MARCH/APRIL 2003 (Vol. 20, No. 2) pp. 8-11
0740-7459/03/$31.00 © 2003 IEEE
Published by the IEEE Computer Society
Published by the IEEE Computer Society
Benchmarks Are a Tricky Thing
|REQUIREMENTS AREN'T THE WHOLE PICTURE—OR PLAY|
PDFs Require Adobe Acrobat
I agree with the conclusion that Michael H. Lutz and Phillip A. Laplante draw in their article "C# and the .NET Framework: Ready for Real Time?" (Jan./Feb. 2003): "C# and .NET might be appropriate for some soft and firm real-time systems" but "are not appropriate for hard real-time systems." But it seems to me that more benchmarking work needs to be done to validate this conclusion.
The memory benchmark described in this article allocates and frees a linked list of 5,000 nodes in which the size of each node follows this progression: 2,500, 2,500, 5,000, 5,000, 7,500, 7,500, 10,000, 10,000, … , 57,500, 57,500, 60,000, 60,000.
Now, one of the things I've learned about benchmarking is that the conclusions drawn from a benchmark are only as strong as the benchmark's design. So the question I have been asking myself after reading the article is "How well does this benchmark reflect real-time systems' memory operations?"
This is, of course, an impossible question to answer, because no two real-time systems have exactly the same memory allocation behavior. In fact, some real-time systems allocate all their memory at the start and never free their memory until they shut down. Bearing that in mind, I have a few ruminations about the possible limitations of the benchmark presented.
I am not a real-time expert, but I understand that the "average program" does lots of small memory allocations (less than 100 bytes each) and comparatively few larger ones (more than 100 bytes). Also, most memory allocations are short-lived, and comparatively few are longer-lived. And, in fact, modern garbage-collecting memory systems are designed to take these behavior patterns into account (for example, "generational" garbage collection).
In contrast, the allocation sizes used in this benchmark are quite large compared to the "average program"—and they are all short-lived. So, this benchmark might produce apparent results that are quite different from real-world (or in this case, real-time) results.

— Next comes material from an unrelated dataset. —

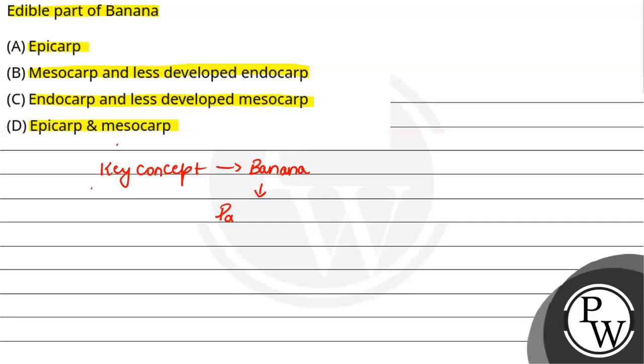Parthenocarpic fruits are the ovules fertilized before the first fruit. Therefore, the seeds are present.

For example, did you know that Microsoft .NET's memory allocation system allocates objects that are larger than 20,000 bytes in their own separate heap? This allows them to be treated differently than objects in the normal heap (that is, memory is never compacted in the large memory heap). Consider that, in this benchmark, two-thirds of the memory allocations are over 20,000 bytes in size. Do you think this will have an effect on the memory allocation performance? It seems likely to me that it would—but it's hard to say for sure without running a new set of benchmarks.
Another concern I have is that the direct comparison of the C memory allocator and the .NET memory system is a tricky business. To some extent, we are comparing "apples and oranges" here. In particular, the .NET Framework zeroes all allocated memory before returning it, whereas C does not (assuming that this benchmark called malloc and not calloc). This will directly cause some of the nonlinear behavior shown in the graph (Figure 3 in the article), because allocating increasingly larger amounts of memory per object means zeroing more memory per allocation. Thus, much of the increasing time per object shown in Figure 3 might be due not to memory allocation and freeing per se but to the time spent zeroing the increasingly large memory blocks.
Thus, this benchmark tests the C library's ability to allocate and free memory against the .NET Framework's ability to allocate, free, and zero memory. This is not a fair comparison. To compare "apples and apples," it would be interesting to run the C version of the test with calloc instead of malloc.
Now, you could argue that this test is "fair" from another point of view, since the .NET Framework does not have any analogue to malloc and is therefore inferior with respect to real-time systems. This might well be a reasonable argument. However, one counter to this argument could be that a .NET programmer could use P/Invoke to call a native allocation function (such as HeapAlloc) to perform nonzeroing allocations. The benefits of using the GC (for example, having to free the memory manually) would be lost, but this is no different than using malloc and thus provides an "oranges to oranges" comparison.
Finally, I would be remiss if I did not mention that the advantage of zeroing memory during allocation is in eliminating a class of difficult bugs involving uninitialized memory. This must be considered to be the value that is traded off against the increased performance provided by not zeroing memory.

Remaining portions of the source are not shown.